Allez donc voir la vidéo d’Agnès Gayraud, sur la musique pop (qui n’est pas exactement la chanson, mais la recoupe en grande partie). Le passage vers la fin, sur Nina Simone, n’est pas sans rapport avec ce que je raconte aujourd’hui.
Notre plongée dans le passé se poursuit. On est en 1987. Les deux chansons précédentes étaient assez graves, celle d’aujourd’hui est plus dansante, tout en étant plus revendicative et plus vague : Sans contrefaçon, de Mylène Farmer, chanson sur l’ambiguïté de genre.

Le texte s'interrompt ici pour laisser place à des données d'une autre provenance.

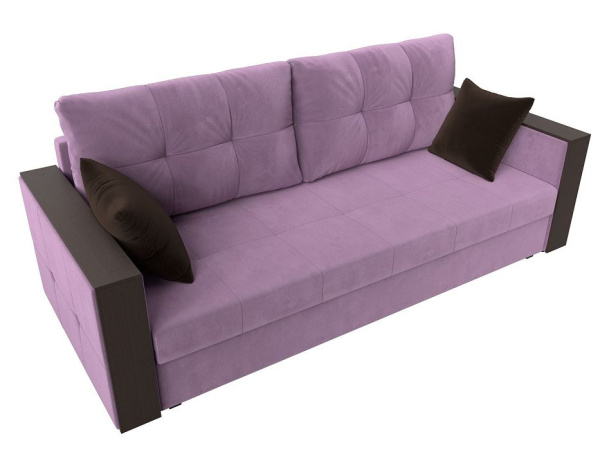 Диван прямой Валенсия Лайт Микровельвет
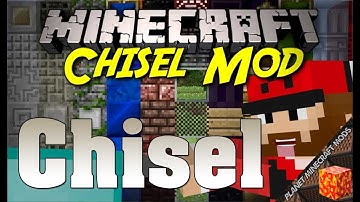 Chisel Mod 1.12.2/1.10.2/1.7.10 (Build The Way You Want) for Minecraft PC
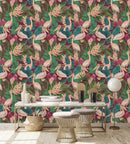 Pelican Pattern Wallpaper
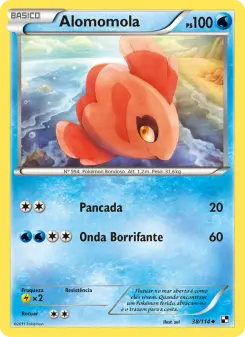 Alomomola – Carta Pokémon TCG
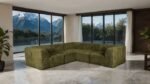 Nappi L-Sectional (Compressed Foam)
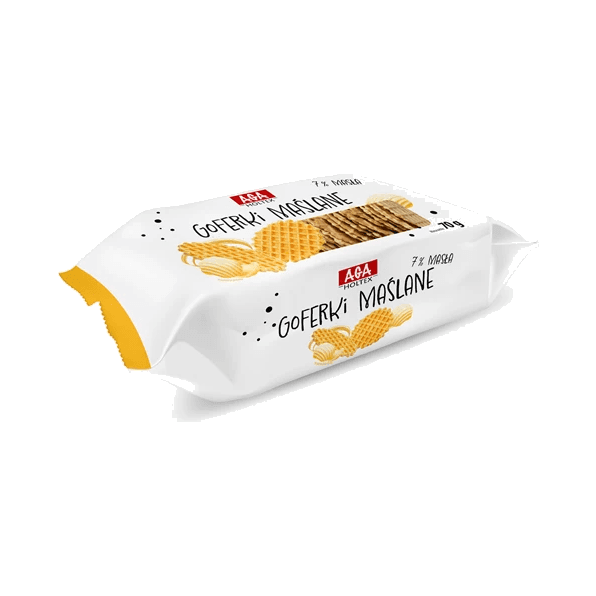CORNETTI GOFERKI MAŚLANE 70G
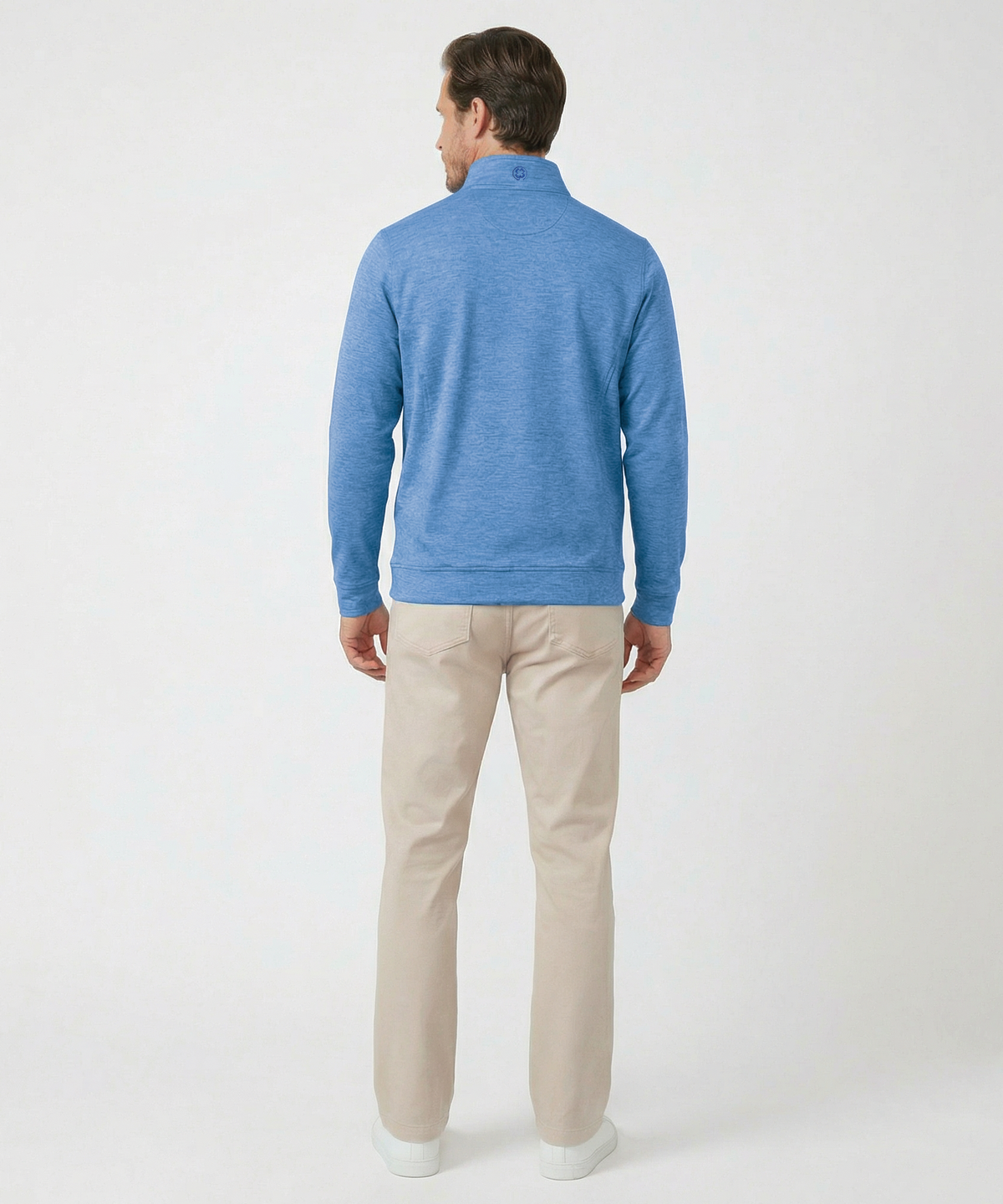 Performance Clubhouse Quarter-Zip Long-Sleeve Pullover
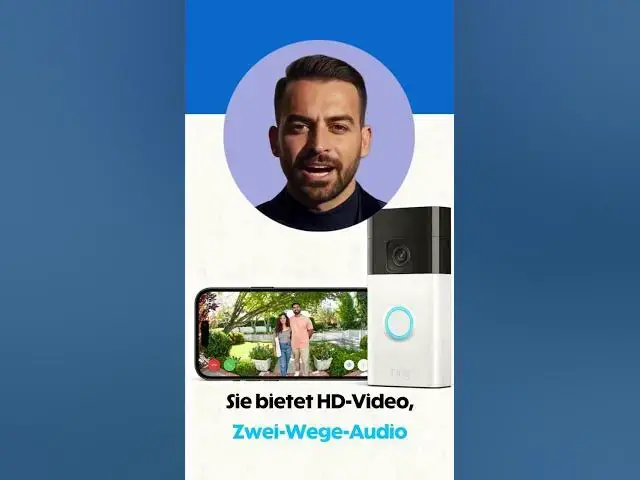 Video thumbnail for Die Längste Akkulaufzeit? Ring's neue Videotürklingel im Praxis-Check.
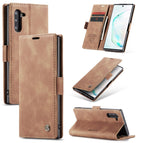 For Galaxy Note 10 / Brown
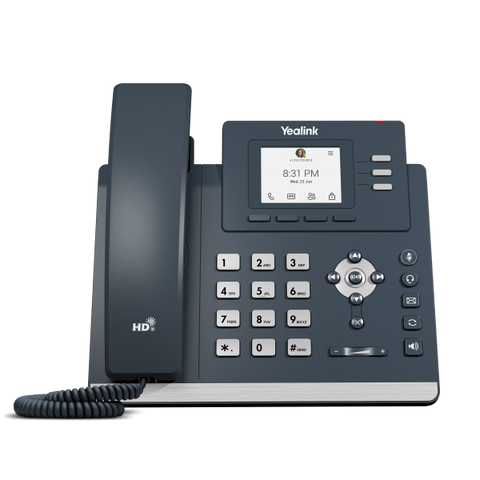 Yealink MP52 Microsoft Teams Edition telefono IP Grigio
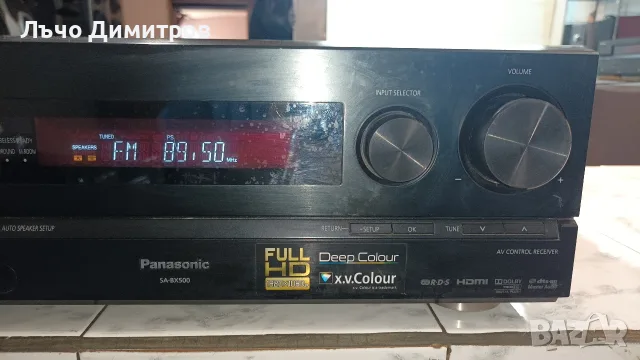 PANASONIC SA-BX500, снимка 5 - Ресийвъри, усилватели, смесителни пултове - 55783253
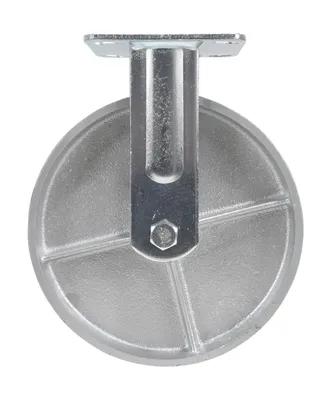 Vestil CST-VE-8X2CI-R Cast Iron Steel Rigid Caster 3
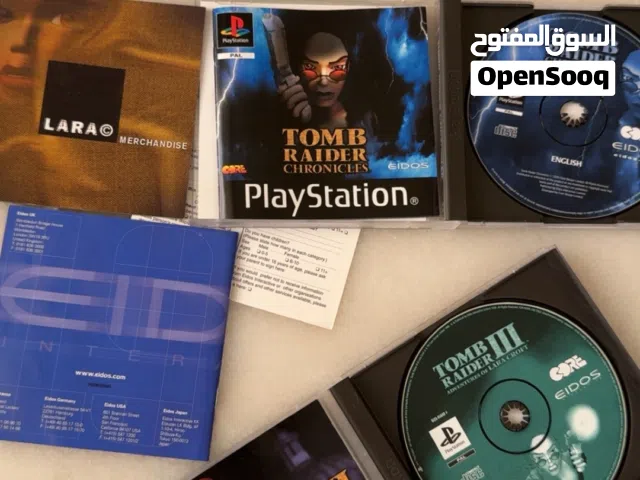 لعبة  Tom Rider اصلي مع الكتيب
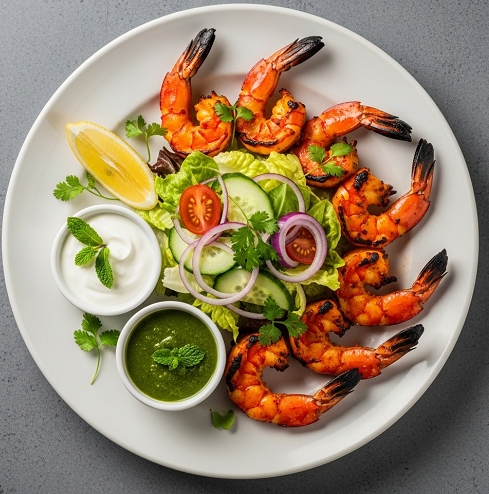 Tandoori King Prawn 
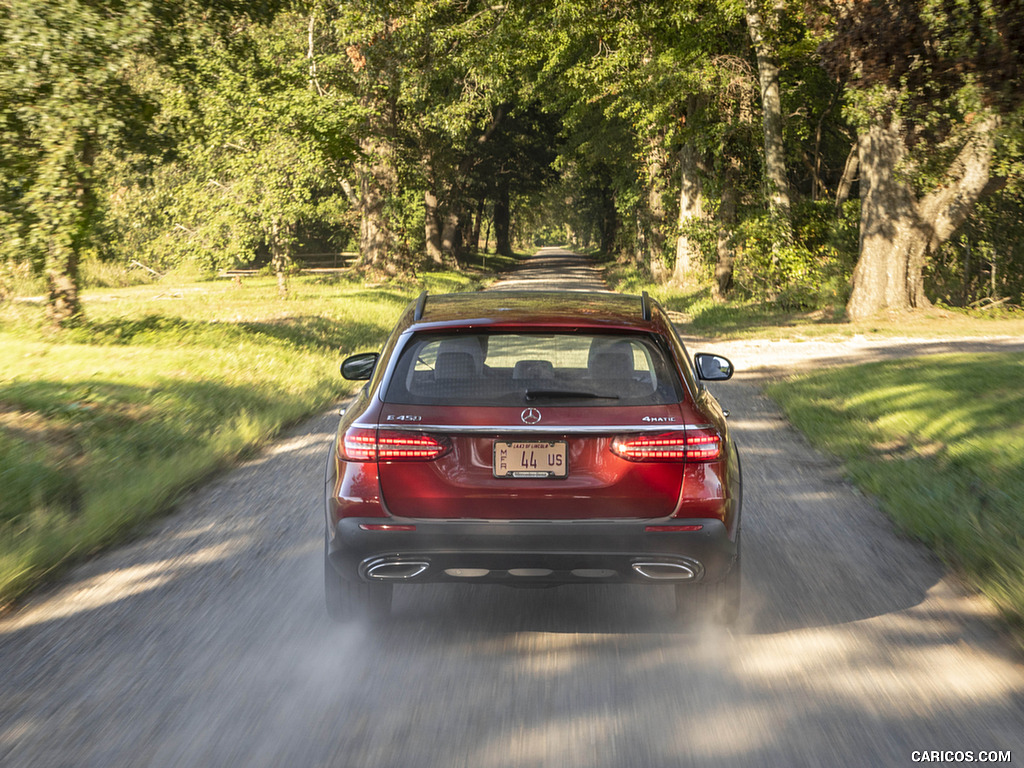 2021 Mercedes-Benz E-Class All-Terrain (US-Spec) - Rear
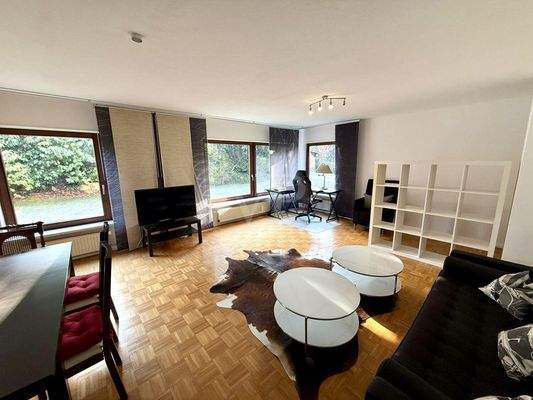 Wohnzimmer Gartengeschoss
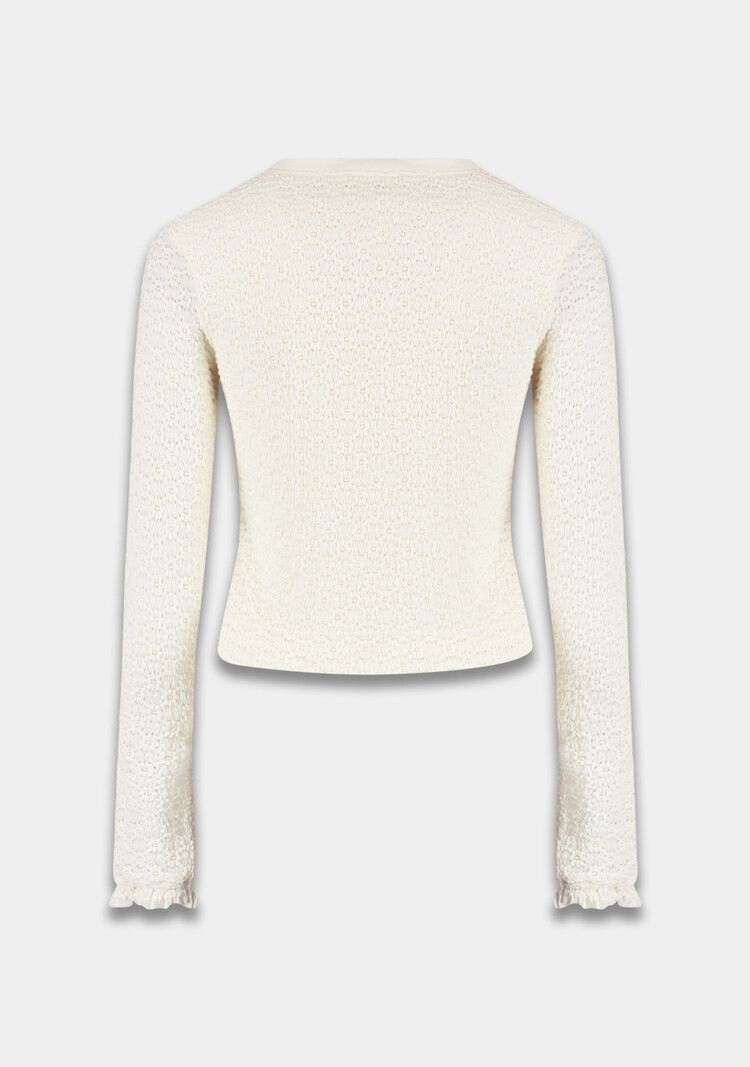 Harper & Yve Fenn Top - Ecru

Notez la présence de Zouc dans le clip. Et ce passage : « Un mouchoir au creux du pantalon, je suis Chevalier d’Éon. ». Le Chevalier d’Éon, politicien et agent secret au XVIIIè siècle entretint le doute sur son identité sexuelle. Soumis à des examens pour déterminer son sexe, il a toujours refusé de se déshabiller. Un peu comme dans la chanson : « même pour un empire, je ne veux me dévêtir, puisque sans contrefaçon, je suis un garçon ». Rappelons que le Chevalier d’Éon était un homme, et qu’il cherchait à passer pour une femme, voir sa page wikipedia.
La chanson a été souvent reprise, notamment par les Fatals Picards déjà vus il y a deux billets.